**Your instructions**
Lines before the one containing "Rosebushes Under the" are not wanted. Transcribe that line and all after it exactly, to the end of the entries.

(Dataset items)
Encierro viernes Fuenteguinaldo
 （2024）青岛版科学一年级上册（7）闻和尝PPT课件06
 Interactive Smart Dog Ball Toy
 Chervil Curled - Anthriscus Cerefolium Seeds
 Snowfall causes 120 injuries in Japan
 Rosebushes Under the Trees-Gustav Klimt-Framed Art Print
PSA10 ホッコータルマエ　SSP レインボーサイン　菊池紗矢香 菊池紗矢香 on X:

**Answer to the problem**
 Rosebushes Under the Trees-Gustav Klimt-Framed Art Print
PSA10 ホッコータルマエ　SSP レインボーサイン　菊池紗矢香 菊池紗矢香 on X:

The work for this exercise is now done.